Your task ::
For this exercise, copy the data exactly and omit any images.

Source data ::
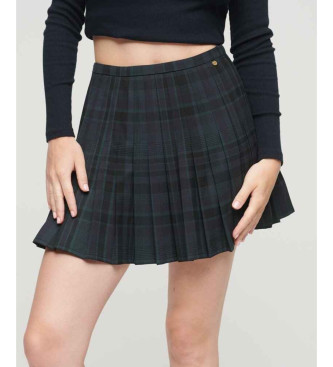 Superdry Black plaid pleated mini skirt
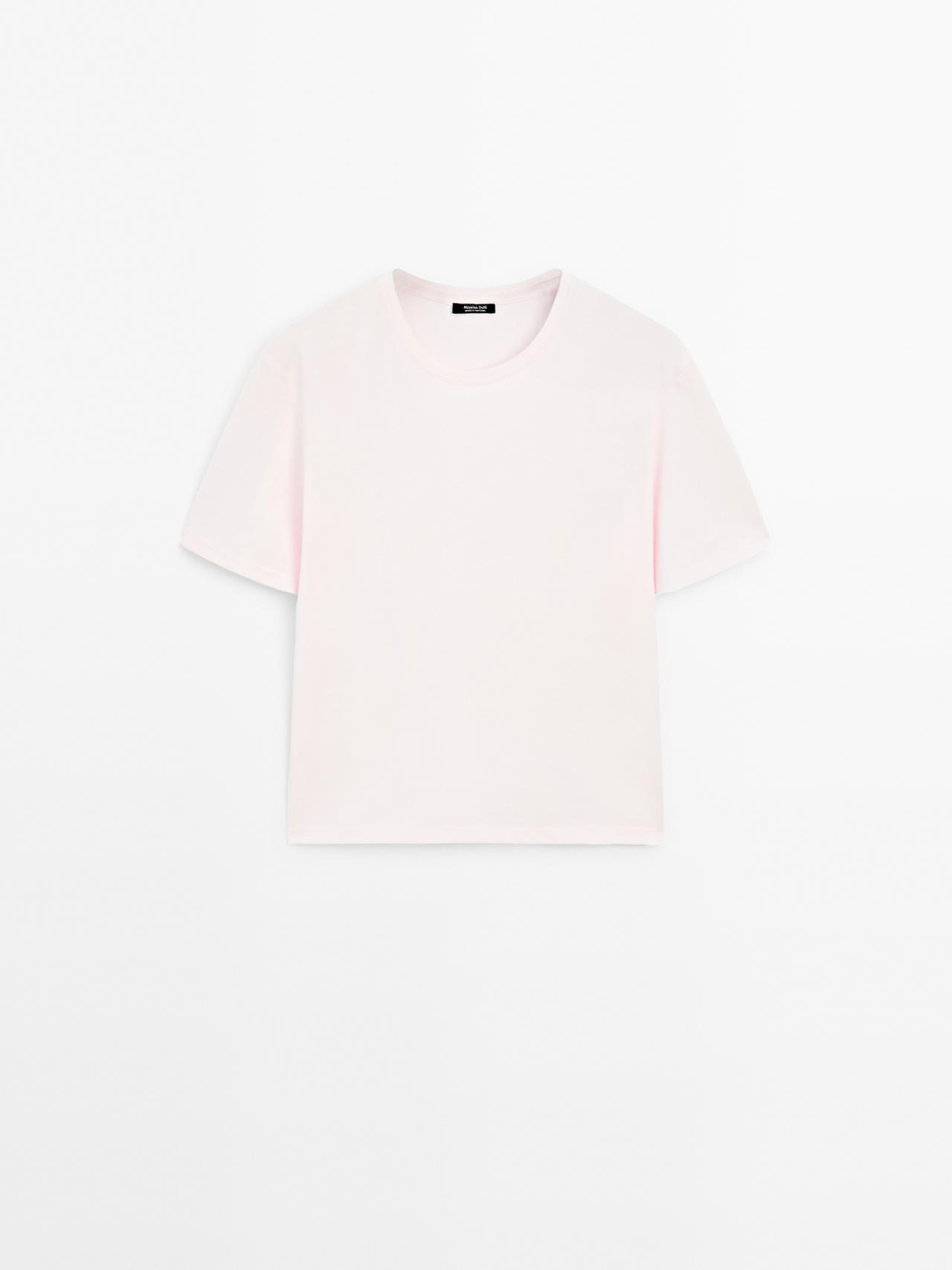 Massimo Dutti - Dame - Regular Fit T-Shirt Med Korte Ærmer - Rosa - S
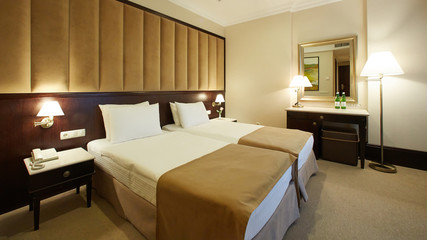 Interior of a hotel bedroom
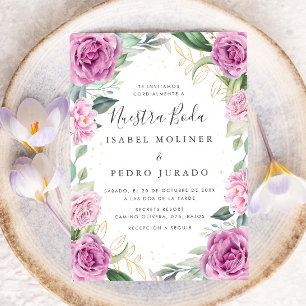 Chique Eucalyptus Paarse Rozen Nuestra Boda Bruilo Kaart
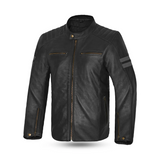 BELA STARK CHAQUETA DE MOTO DE CUERO HOMBRE NEGRO GRIS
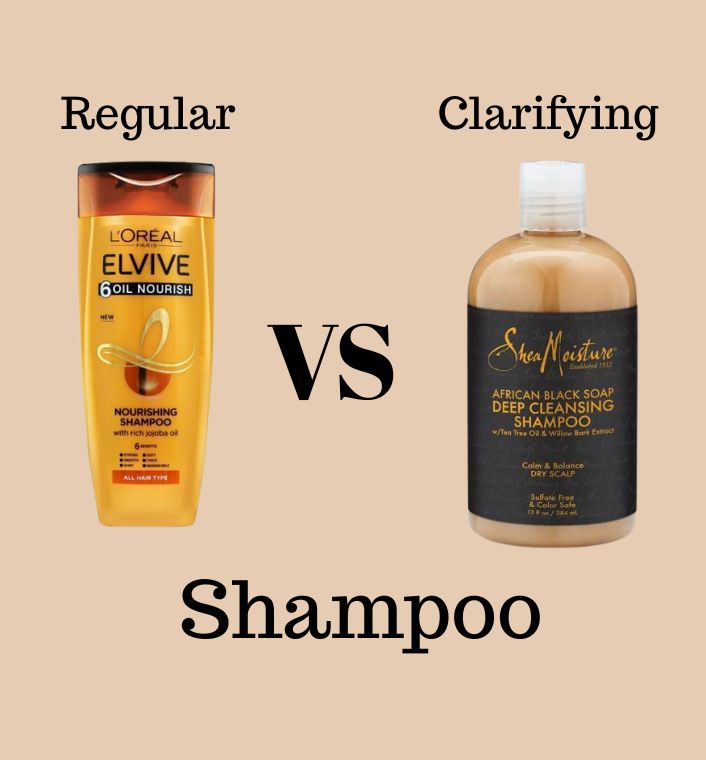 Regular shampoo compared with clarifying shampoo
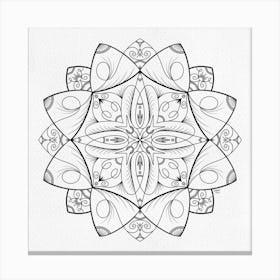 Black Mandala Motif Canvas Print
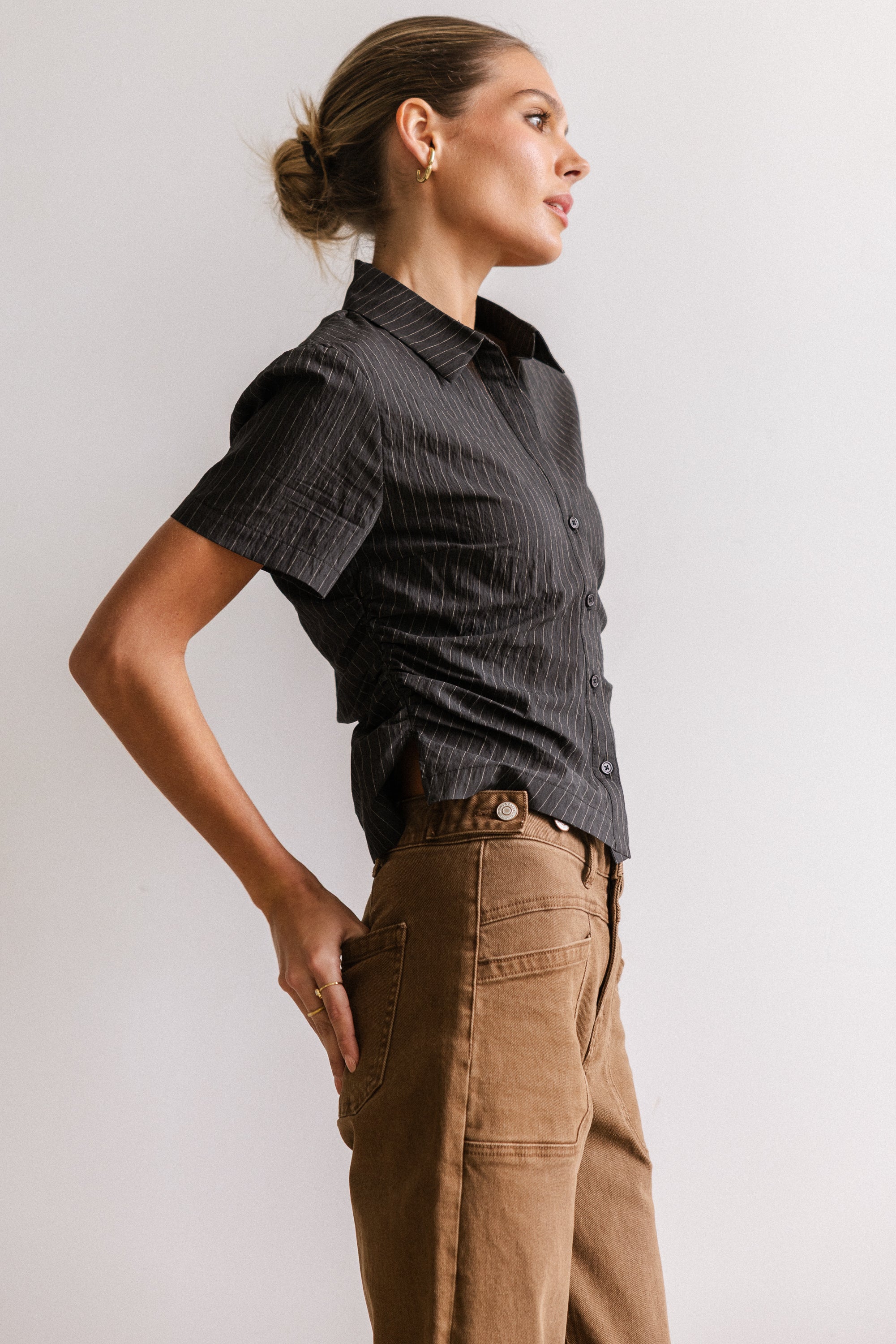 Brandy Ruched Button Up in Black - FINAL SALE - Image 6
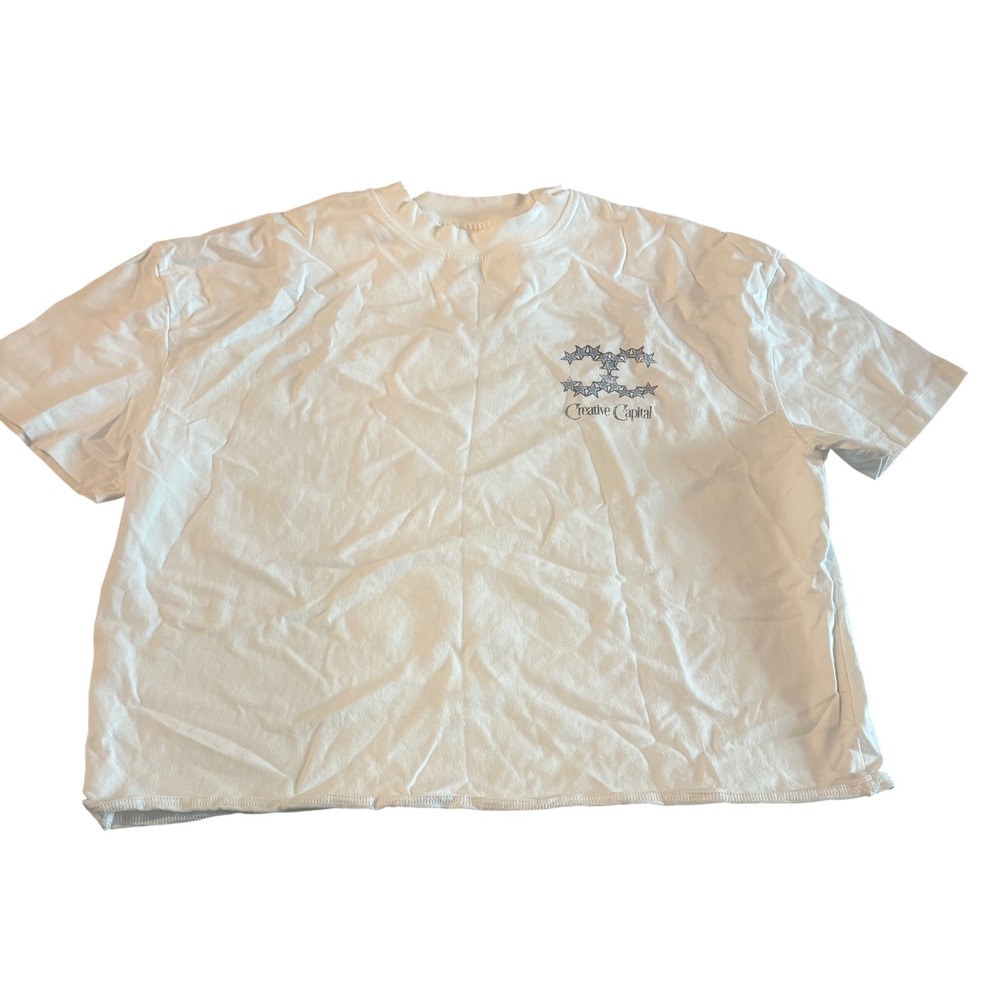 PacSun Creative Capital Graphic Tee White Cropped Star Logo T-Shirt Medium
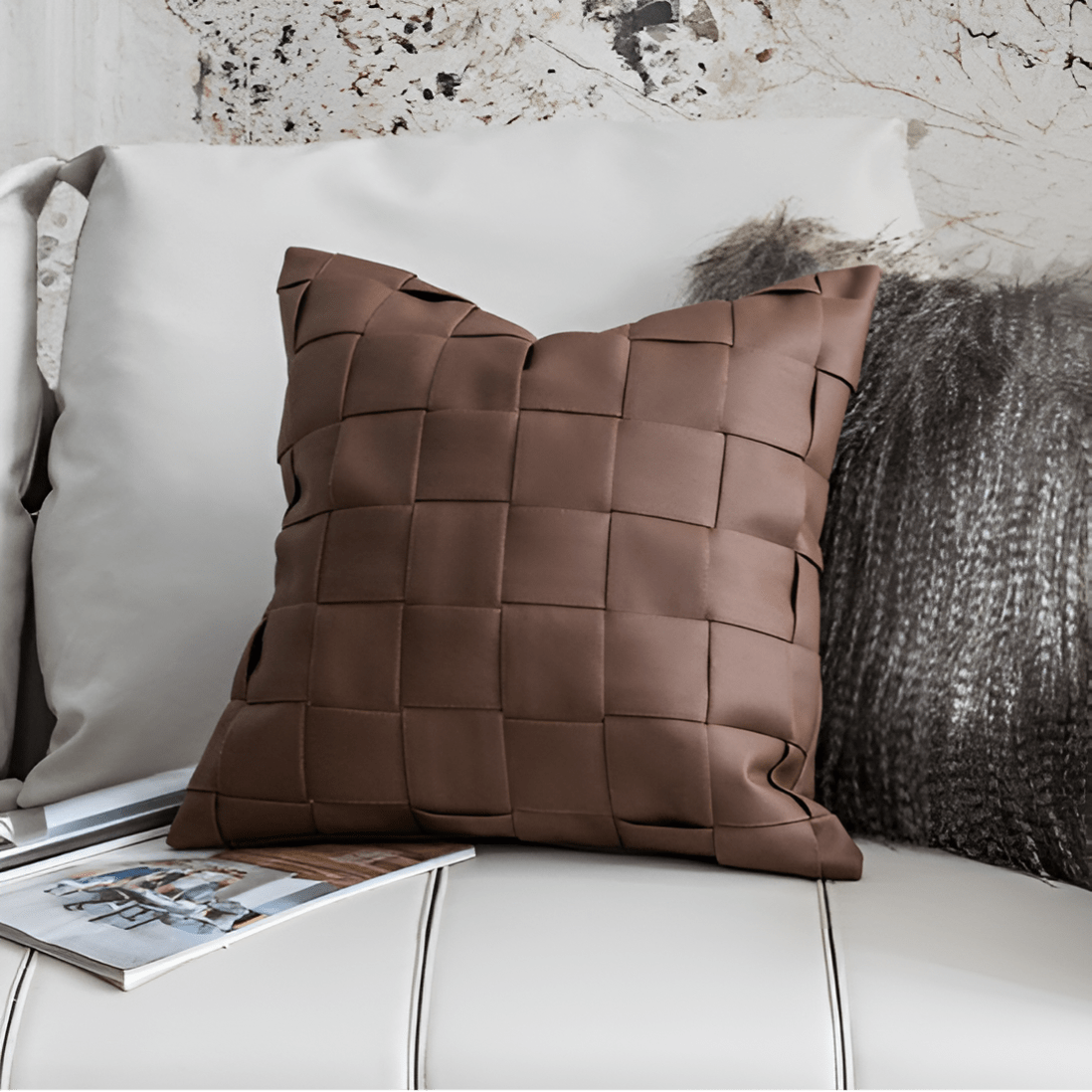 Textured Faux Leather Decorative Pillow Case – Cozy Throw Pillow Cover in Deep Espresso Brown, 26x12 & 18x18 Inches 0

Answer to the problem ::
 Superdry Black plaid pleated mini skirt
 Massimo Dutti - Dame - Regular Fit T-Shirt Med Korte Ærmer - Rosa - S
 Interior of a hotel bedroom
 Chique Eucalyptus Paarse Rozen Nuestra Boda Bruilo Kaart
 BELA STARK CHAQUETA DE MOTO DE CUERO HOMBRE NEGRO GRIS
 Regular shampoo compared with clarifying shampoo
 Black Mandala Motif Canvas Print
 Brandy Ruched Button Up in Black - FINAL SALE - Image 6
 PacSun Creative Capital Graphic Tee White Cropped Star Logo T-Shirt Medium
 Textured Faux Leather Decorative Pillow Case – Cozy Throw Pillow Cover in Deep Espresso Brown, 26x12 & 18x18 Inches 0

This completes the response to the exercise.